Había perdido la batalla contra la juventud y la primavera, y con su dolor redimía un pecado imperdonable y propio de su edad: negarse a morir. Pero no hubiera podido adentrarse desolado en la oscuridad sin haberse agotado un poco más; lo único que había querido, al fin y al cabo, era apaciguar su viejo y fuerte corazón. La lucha, la lucha en sí, valía más que la victoria o la derrota.
Cuentos reunidos. F. S. Fitzgerald

Cuando finalmente estaba a punto de romper el estío con todo su fulgurante esplendor, y el invierno sólo fue un recuerdo lejano de inmensas noches, Montse y Toni ya habían agotado su capacidad de resistencia. El aire traía hacia ella tantos recuerdos y pensamientos tristes que le era imposible no sentirse, en ocasiones sin previo aviso, melancólicamente angustiada, y entonces su mente se le nublaba y el corazón se le encogía hasta sentir un fogonazo de hielo intenso dentro de su pecho y una tenaza oprimiendo su cabeza.
Había pasado largamente de los cincuenta y aquellas ilusiones incesantemente renovadas de la juventud eran quimeras carbonizadas en hogueras cuyas cenizas se secaron y de las cuales ya no quedan ni las ruinas, y la mujer metódica en que se había convertido después de muchos años viviendo sola era únicamente un premio de consolación.
El método de su vida era llevar las cosas en un escrupuloso orden, desde el momento en que se levantaba y tenía en la cabeza la lista de la compra, pasando por la colocación de sus facturas y vestuario, hasta el instante de meterse en la cama y seleccionar uno de sus vinilos para que la acompañara en ese viaje hacia el sueño, en ese vacío por llenar, y que nadie supo sustituir desde que él se fue, o se fueron, o decidieron mutuamente irse antes de que sus cuerpos se secaran.
Pero ese orden se vino muy abajo en el preludio de los sofocantes calores del verano, de inhalar aquel aire viciado de los tubos de escape de los coches y el asfalto ardiendo bajo sus ruedas, con la llegada en marzo de Toni por trabajo a la ciudad, y querer verla, y recordarle otros tiempos y otras vidas, y su cara mucho más mayor y cansada (había envejecido, tenía una sombra de severidad en el rostro y sus ojos rebosaban seguridad en sí mismo) volvía a recordarle lo que un día de despedida fueron: una declaración de intenciones hacia la derrota, de vida negada por inercia, por sobrevivir al dolor.
Como si en esos treinta años el tiempo no hubiera existido más que para los dos, y la madurez les hubiera enseñado a ser pacientes en el empeño de olvidar o de esperar, aunque las navidades se sucedían unas detrás de otras, volando impersonales, y las hojas del calendario fueras arrastradas, suprimidas, sin darse cuenta; y así justo antes del verano, en una jornada pegajosa, Montse se echó sobre su cama, apoyada la cara en el cobertor que cubre la almohada, y partió la tarde en un intenso llanto, sin explicación, sin detenerse, lloró ininterrumpidamente hasta bien entrada la noche, de forma lineal, con disciplina marcial, hasta quedarse dormida, exhausta y aliviada.

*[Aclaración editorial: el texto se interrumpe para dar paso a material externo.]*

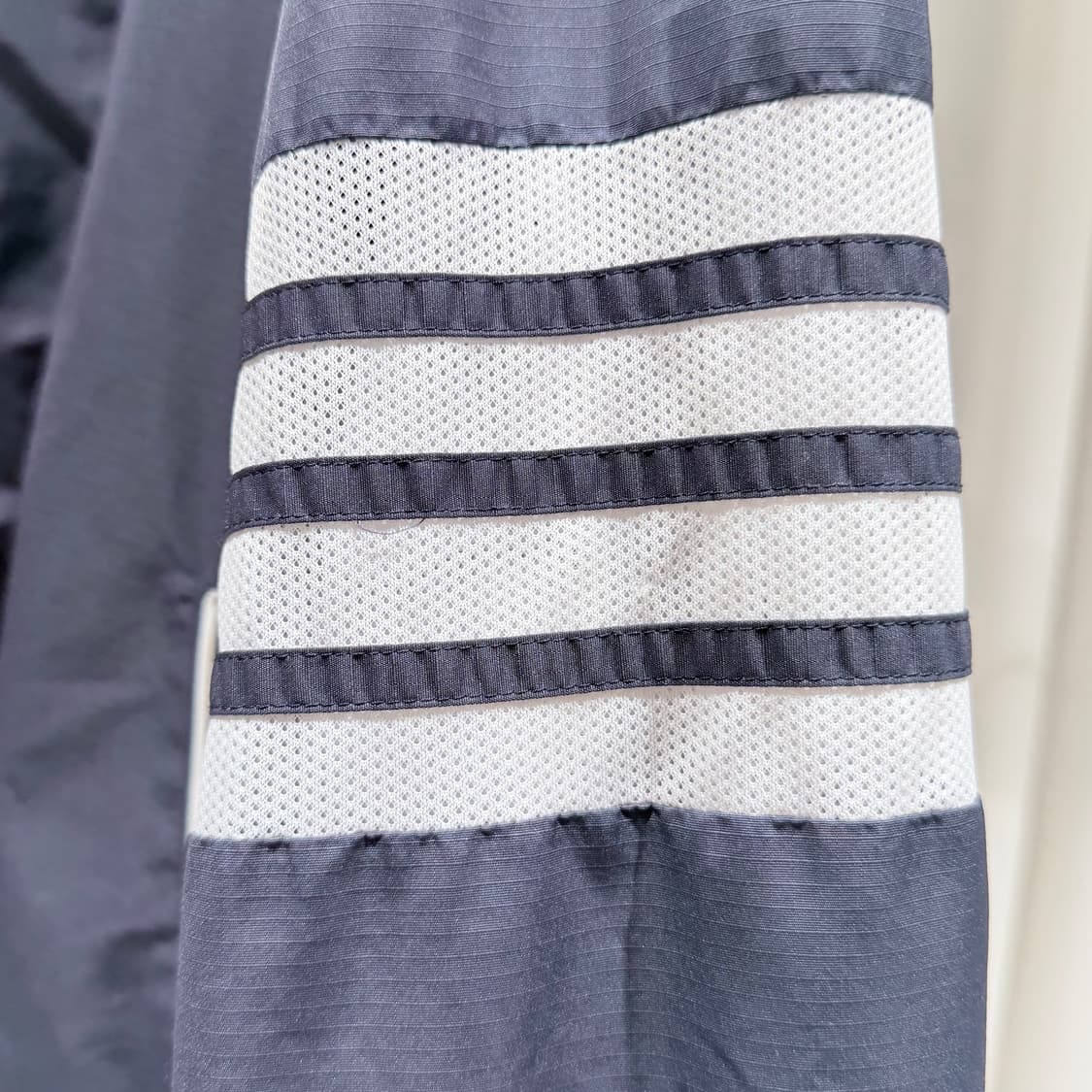 (A+/3) / 톰브라운 사선완장 립스탑 메쉬 네이비 바람막이 상품이미지6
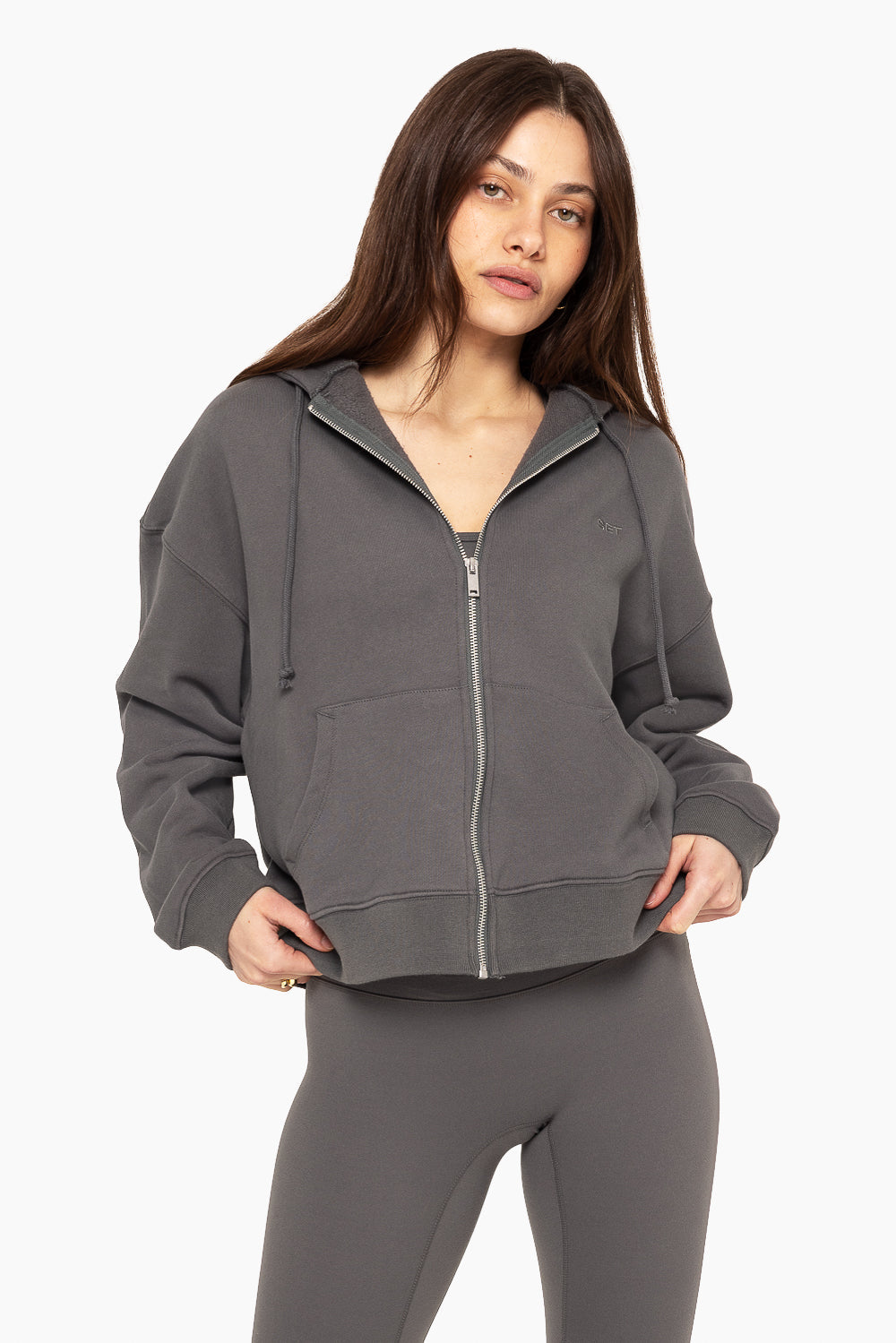 SET, EMBROIDERED HEAVYWEIGHT SWEATS ZIP HOODIE IN GRAPHITE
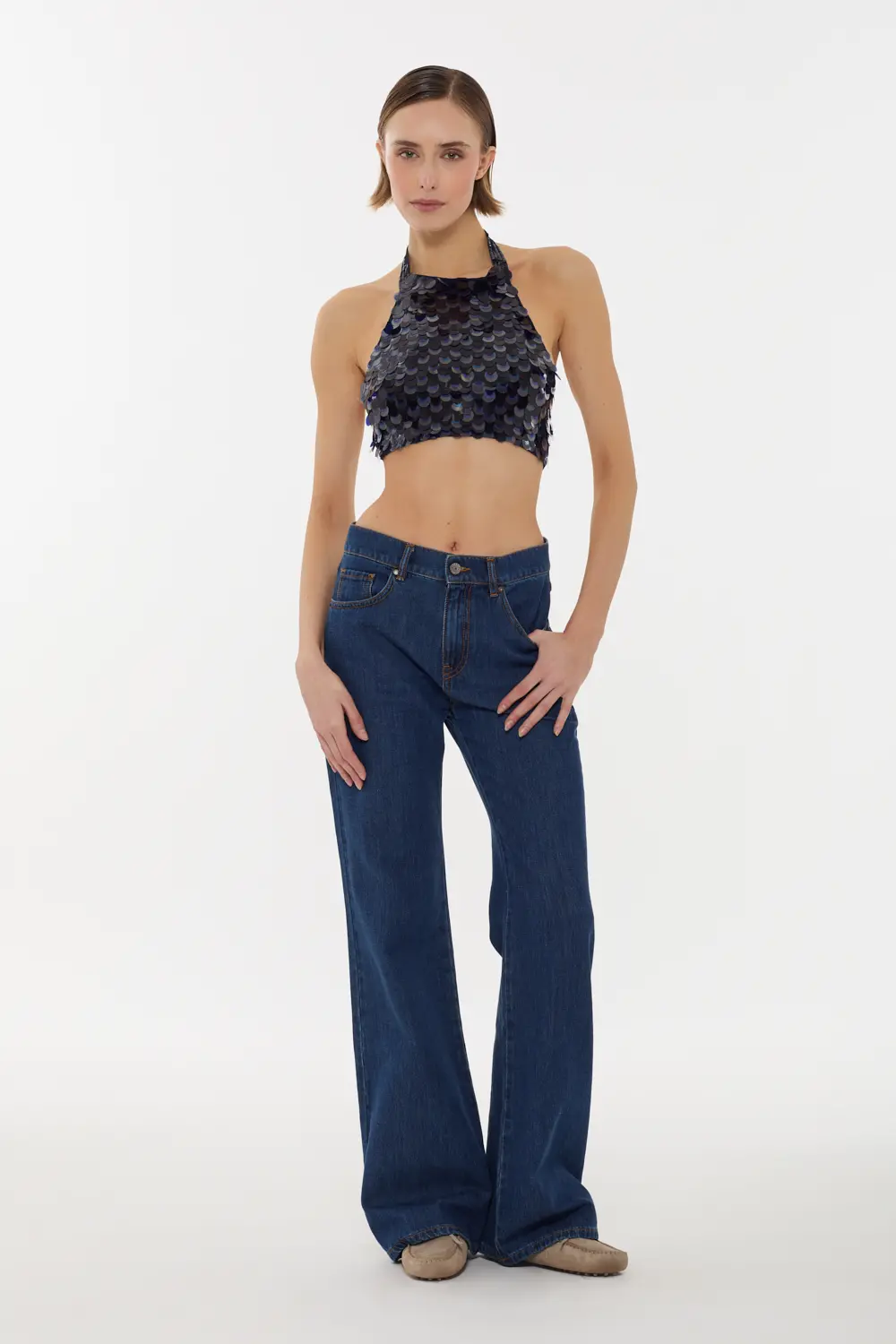 GROUPD311736_812_S26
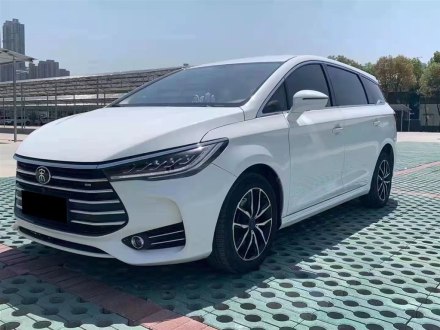 宋MAX 2018款 1.5T 自动智联豪华型 6座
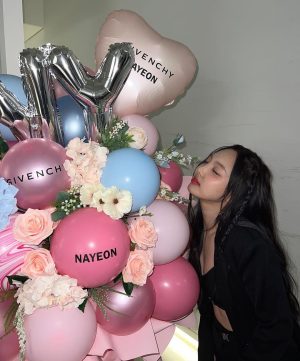 Im Na-yeon Instagram - @givenchybeauty 💐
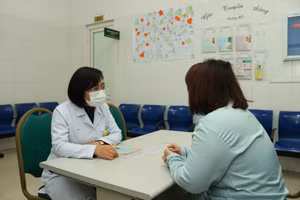 Bác sĩ thăm khám cho bệnh nhân tại Viện Sức khỏe tâm thần. Ảnh: BVCC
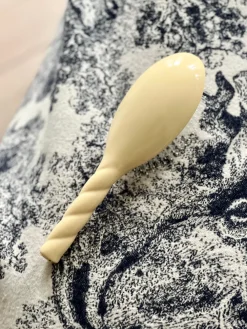 N.04 La Brosse Démêlante & Massante LA MIRACLE Ivoire Cair|La Bonne Brosse Hot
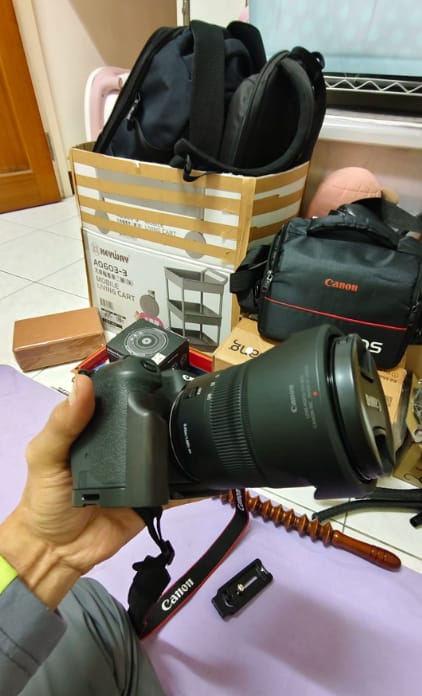 Customer photo review of Canon R8 Grip Wood EOS R8 Handgrip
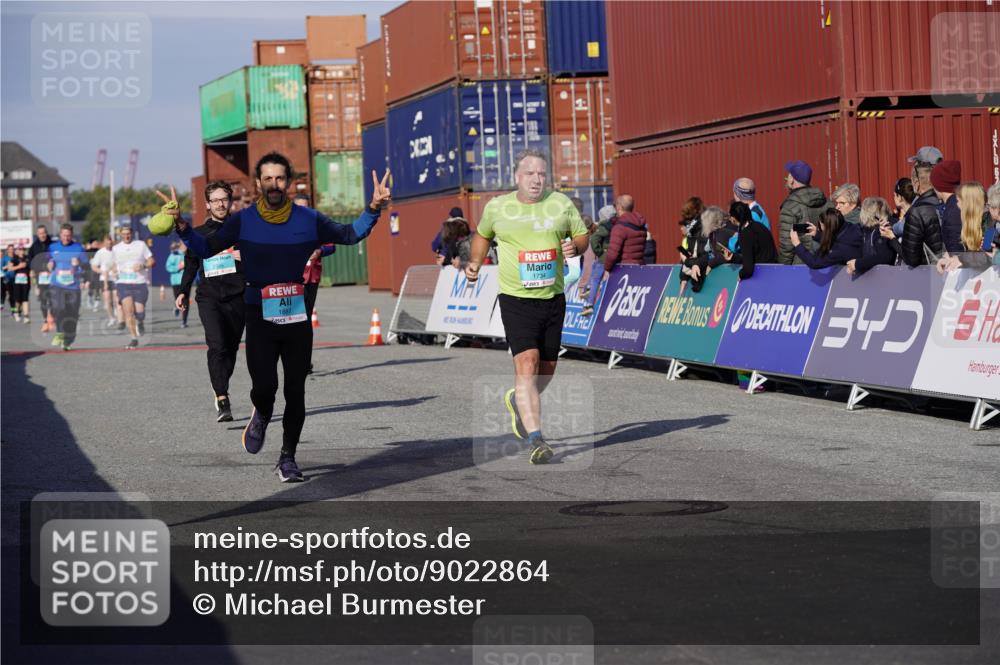 03.10.2025 - Köhlbrandbrückenlauf Michael Burmester http://msf.ph/oto/9022864 03.10.2025 10:24:58 Ziel 1734, 1887, 1890, 2158, 2396, 2408, 3089, 3090, 3455 meine-sportfotos.de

Aferrarse a la vida como algo que está más allá de los caprichos del amor, era lo que reclamaba ante el empuje insistente de Toni, los recuerdos maravillosos o el último tren que pasaba en el terreno sentimental; y dejarlo irse, simplemente para preservar el recuerdo, para no contaminarlo con lo que no querían, lo que únicamente necesitaban.
— ¿Qué te pasa? —le decía—. Pasó mucho tiempo desde que teníamos la juventud recién estrenada, pero ahora soy un hombre nuevo, mas asentado, más estable, y ambos queremos poder pasar la madurez, los últimos años, juntos. ¿No puedes comprenderlo?
Lo comprendía, y ése era el problema.

1 comentario:

Alba Teresa Porta Garcia dijo...

No sabría decir qué saco en claro de este relato. Como con todos los demás, me revive vivencias del pasado y vuelve nítidos temores y traumas infantiles. No podría ser objetiva. Buen escritor.